Suara.com - Ketua Komisi Pemberantasan Korupsi (KPK), Setyo Budiyanto akhirnya buka suara soal pembebasan bersyarat eks Ketua DPR RI, Setya Novanto dalam kasus e-KTP.
Setyo Budiyanto menilai, keputusan tersebut harus dijalankan, meskipun ada yang merasa kurang tepat.
Setyo mengatakan, pembebasan bersyarat memang merupakan bagian dari sistem hukum pidana yang ada di Indonesia.
Lantaran hal itu, Setyo sebagai ketua KPK dia harus menjalankan keputusan tersebut.
"Bebas bersyarat bagian dari sistem hukum pidana yang ada, terlepas ada yang merasa kurang tepat, prosedur itu harus dijalankan," ujar Setyo Budiyanto.

Hal serupa juga sebelumnya disampaikan oleh Wakil Ketua KPK Johanis Tanak.
Menurut Tanak, senang atau tidak senang, keputusan tersebut harus diterima dalam konteks hidup berbangsa dan bernegara.

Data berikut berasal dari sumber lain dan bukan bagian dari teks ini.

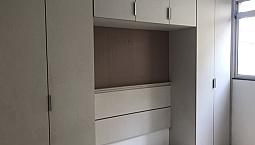 Aluguel Apartamento 2/4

"Ya, itu konsekuensi dari kehidupan berbangsa dan bernegara. Ada yang senang dengan kebijakan yang dibuat dan ada juga yang tidak senang. Senang atau tidak senang, kita harus tetap menerima, itulah konsekuensi hidup berbangsa dan bernegara," papar Johanis Tanak.
Lebih lanjut, Tanak mengungkap bahwa keputusan pembebasan bersyarat terhadap Setya Novanto atau Setnov merupakan ranah Kementerian Imigrasi dan Pemasyarakatan.
Baca Juga: Setya Novanto Bebas Bersyarat, MAKI Surati Menteri Imipas dan Ancam Gugat ke Pengadilan
"KPK tidak ikut campur dengan hal tersebut," kata Tanak.

Tanak menjabarkan, kewenangan lembaga antirasuah terbatas pada penanganan tindak pidana korupsi.
Dalam hal penindakan, kewenangannya hanya mencakup penyelidikan, penyidikan, penuntutan, serta eksekusi putusan pengadilan yang telah berkekuatan hukum tetap.
"Setelah semua tugas tersebut dilaksanakan, selesai sudah tugas KPK," tuturnya.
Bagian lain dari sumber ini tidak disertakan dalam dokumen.